Je me souviens de ma première lecture de ce texte : j'avais été déçu, je m'étais dit qu'Odile était en réalité cette grand mère recherchée plutôt qu'une amie de celle ci, ça aurait fourni un bon twist... mais cela aurait été trop convenu, peut être ?

Aujourd'hui, je relis et avec le recul, je me dis (et je le redis encore) que c'est votre meilleur texte jusqu'ici. On est loin des statistiques sur les violences faites aux femmes, sujet d'actualité certes, mais trop formaté, trop 'reproduction d'une recette qui marche' sur Oniris.

Et puis, je sens une part d'authenticité dans cette nouvelle, un sujet plus personnel... ou je me trompe.

Résumé : bien, vraiment bien !

Dugenou.

   matcauth   
13/4/2020
 a aimé ce texte 
Beaucoup
Bonjour,

j'ai lu avec beaucoup d'intérêt cette histoire, mais peut-être est-ce dû au fait que j'ai lu les autres.

Ici transparaît ce qui fait opposition au manichéisme, à savoir le point de vue des deux antagonismes. Du point de vue de la fille (la mère, en fait), la grand-mère est un monstre. Du point de vue de la mère (donc, la grand-mère), il semble y avoir surtout de la gentillesse et l'envie de bien faire.

Et c'est ce que je retire le plus de ce texte, le fait que l'on voit le monde d'après ses propres yeux.

De fait, les querelles de familles sont peut-être les plus nombreuses qui soient, et prendre de la perspective permet de changer les points de vue et d'accepter certaines choses.

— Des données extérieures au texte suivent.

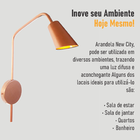 Arandela New City Articulada 180º - Bronze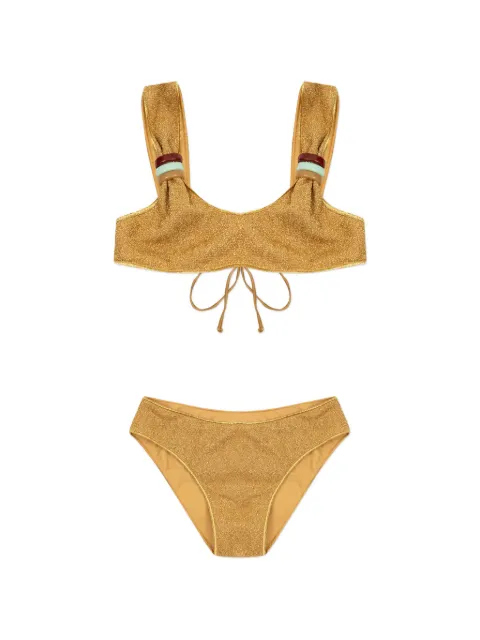 Oseree Kids ring-detail bikini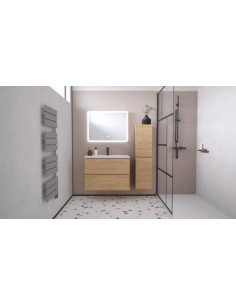 MBLE OSLO 80 SUS 2T BOIS MIROIR ATHENES 402117523 2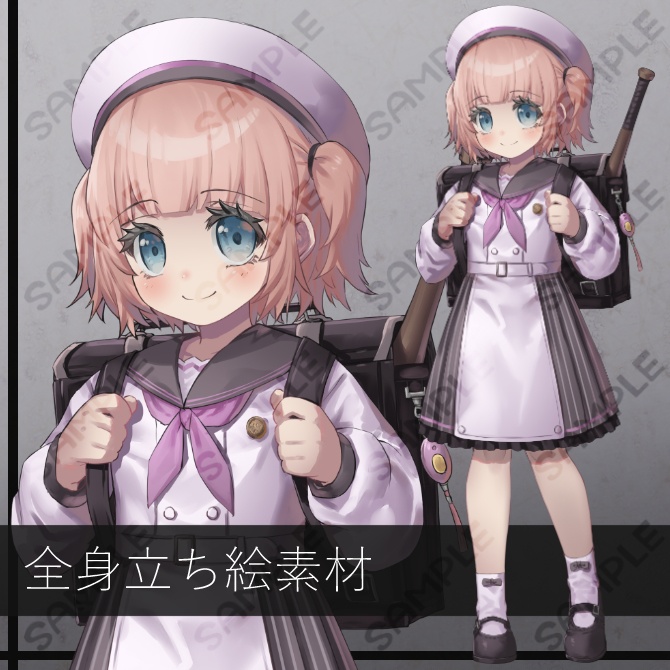 【立ち絵素材】一般ロリ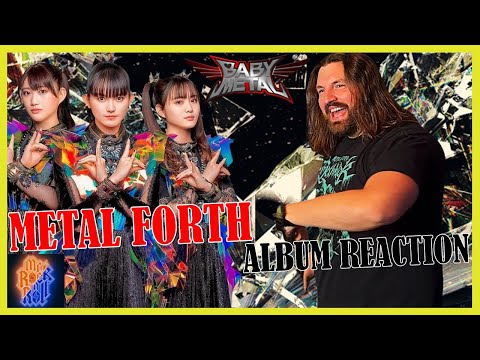 Видео: Легендарные треки!! | Babymetal - METAL FORTH (Сборник альбомов) | РЕАКЦИЯ
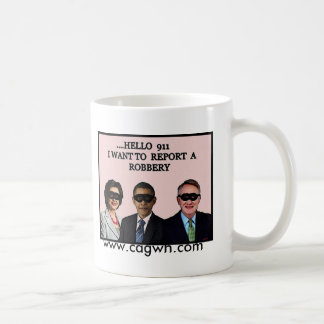HALLO 911, www.cagwh.com Kaffeetasse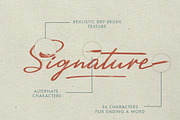 SALE | Belfast - A Dry Brush Script, a Script Font by Hustle Supply Co. (Thumbnail 4 of 8)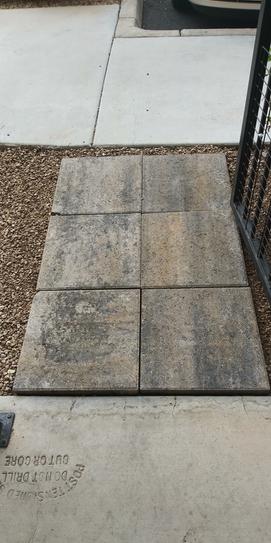 16 In X 16 In Yukon Concrete Step Stone – JDWK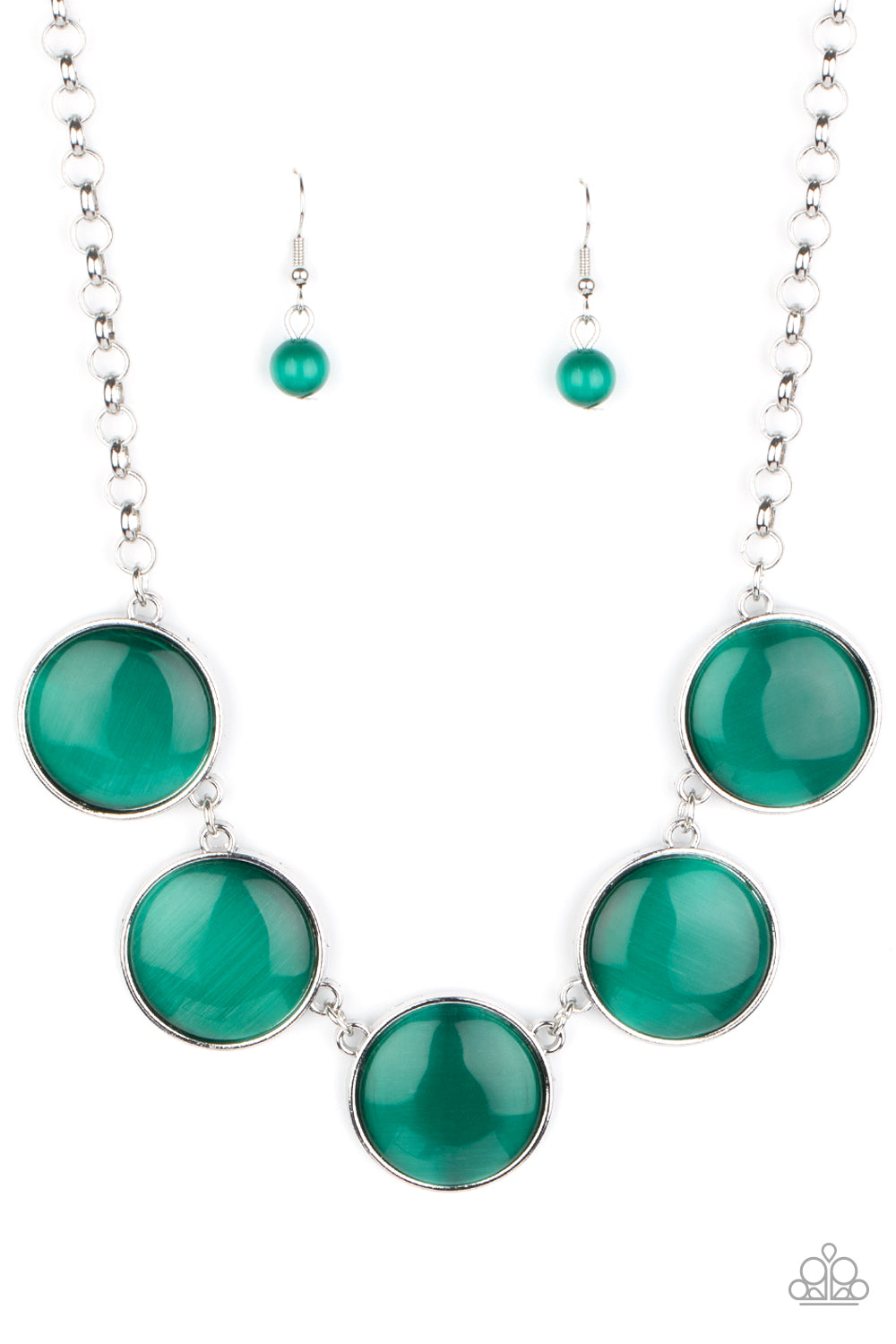 paparazzi-accessories-ethereal-escape-green-necklace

Vous rendez bien cet aspect des choses, en mettant en place un contexte simple à assimiler, familier, afin que l'on puisse se concentrer sur l'essentiel de l'histoire, le regard que l'on porte sur les choses, l'interprétation que l'on s'en fait.

Evidemment, cela manque d'aspérités, de rebondissements à même de nous sortir d'un douce torpeur qui nous envahit. Tout dépend avec quels yeux on aborde le texte, puisqu'on va le lire avec ses propres à priori, avec la façon dont on voit le monde.

Peut-être faudrait-il davantage décrire ce qui va suivre dans l'incipit.

Mais cela reste un bon moment de lecture.